R: Enormes. A intimidade com certas frases, certos conceitos, me escapava. Mas pedi socorro a grandes amigos russos, cultores de Pushkin, sobre o significado de determinadas expressões, a essência das palavras. Alguns consultores foram, em primeiríssimo lugar, Olga Ovtcharenko, do Instituto Gorki, e Marina Kosarik, da cátedra Camões na Universidade Lomonosov, de Moscou, além de tantos outros. Bons dicionários e boas combinações de instrumentos de pesquisa também colaboraram. Pelejei muito, mas acho que consegui algo, graças também aos três anos que passei em Moscou, que me trouxeram o interesse vivo em temas como a descrição da natureza física, abundante em Pushkin, a complexidade da alma russa, o estilo de vida do povo russo. Dinah dizia sempre que os regimes ficavam na periferia do ser humano. Todas as reações e maneira de ser do cidadão russo que conhecemos estavam, por exemplo, em Tchekov. Pouco importava se esse russo era do fim do século XIX ou se era russo dos tempos da administração por regime comunista.
P: Quanto tempo o senhor ocupou nesse trabalho?

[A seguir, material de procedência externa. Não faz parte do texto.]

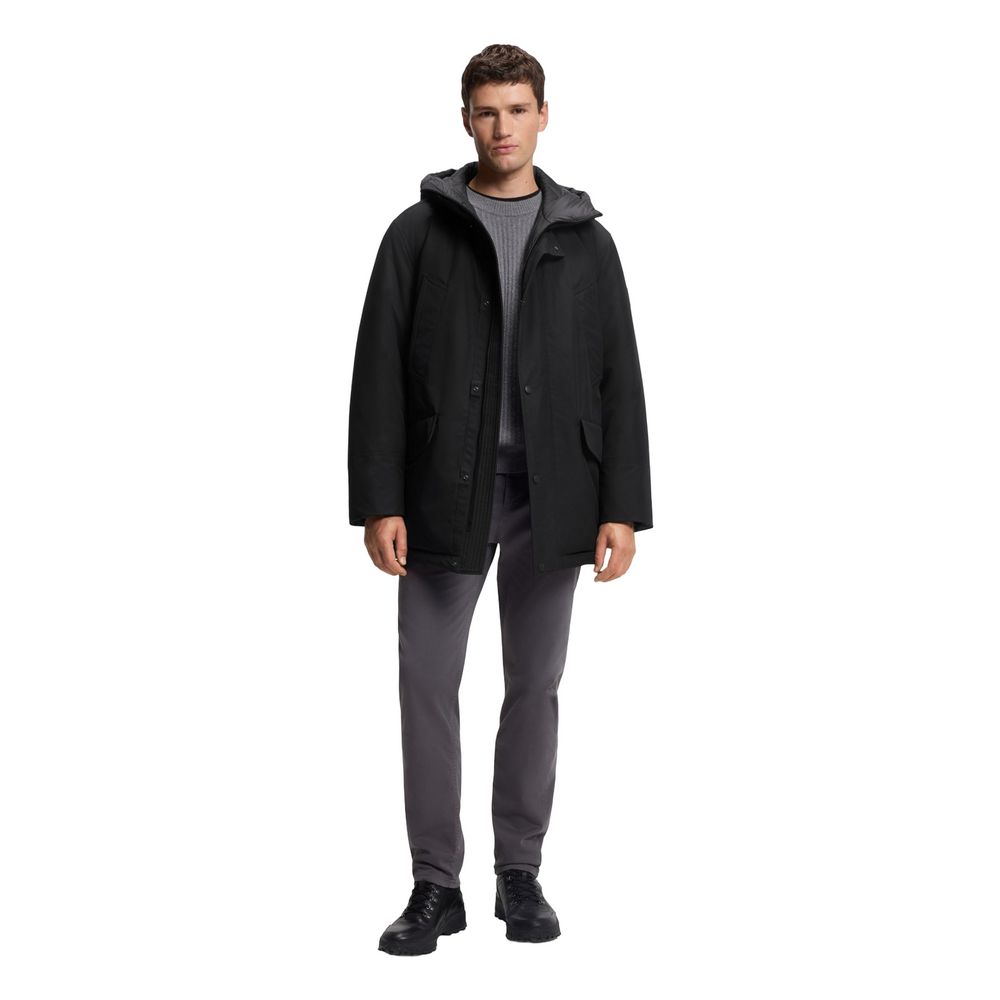 Schwarze Polyester-Jacke in voller Länge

R: Levei nove anos. Não posso dizer que todos maciçamente dedicados a Pushkin, mas era uma preocupação constante, um quase pesadelo. Para os travesseiros levava sempre notinhas, para fechar as rimas que faltavam. Com o tempo fui matando alguns truques e mistérios na produção, que é mais viável do que se pensa, mas com muito afinco, trabalho e consciência.

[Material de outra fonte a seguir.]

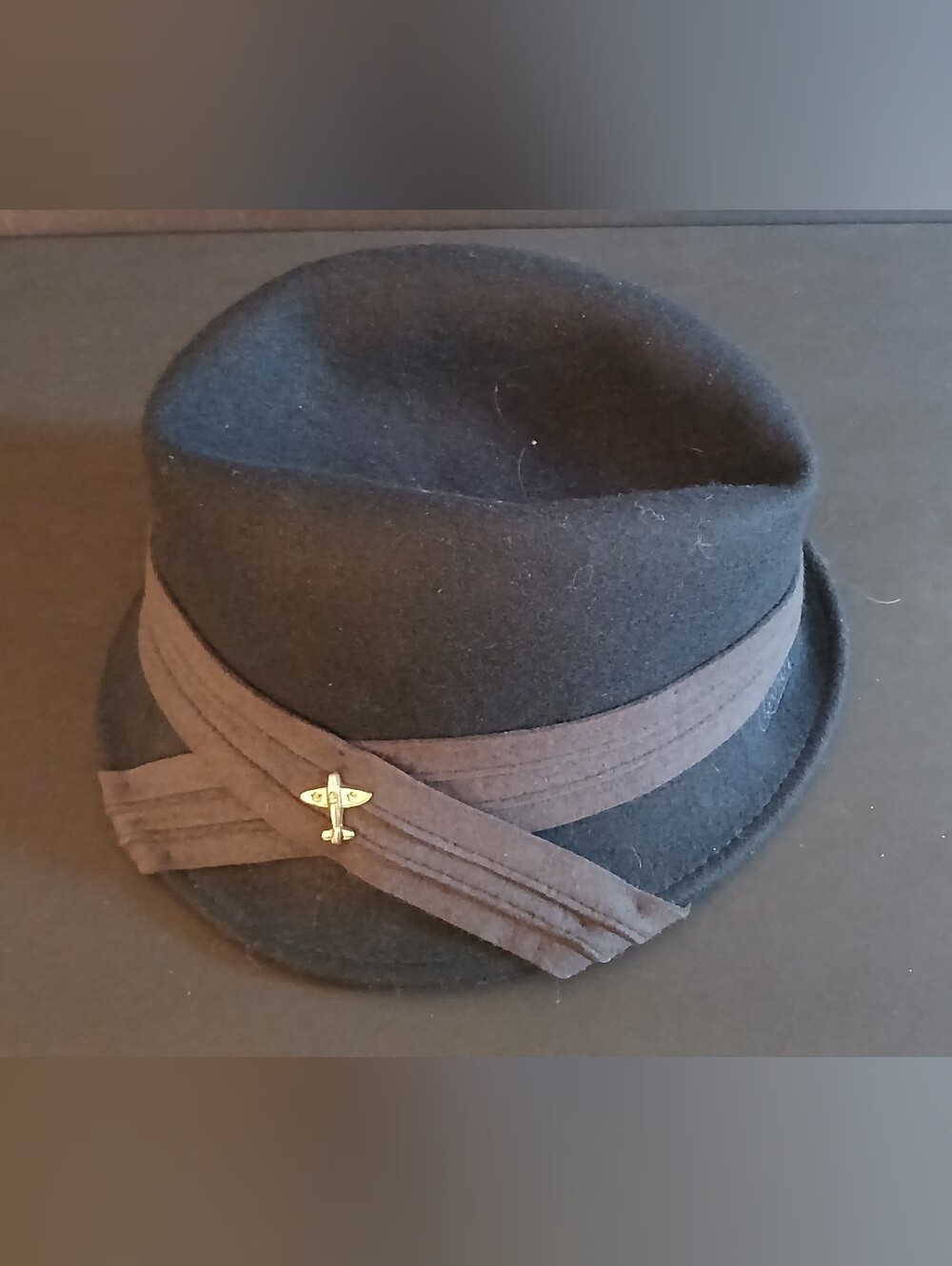 Goorin Bros Navy Wool Fedora with Brown Band and Brass Airplane Pin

P: Qual sua expectativa para o livro?
R: O brasileiro do trópico entenderá perfeitamente o Pushkin de Onegin. Não tenho dúvidas disso. Os estudiosos e interessados na cultura russa, no Brasil, vão conhecer uma Rússia cheia de complexidade. Em muitas cenas os personagens vão e voltam, empacam, seguem à frente, raciocina, deixam um rastro de inquietação e indefinições. Por exemplo, as inquietações existenciais sentidas por Onegin após matar em duelo o amigo Vladimir Lenski, seu então futuro cunhado. Uma curiosidade: a morte de Lenski como que antecipa o verdadeiro duelo mortal contra D´Antès, no qual Pushkin iria perder a própria vida.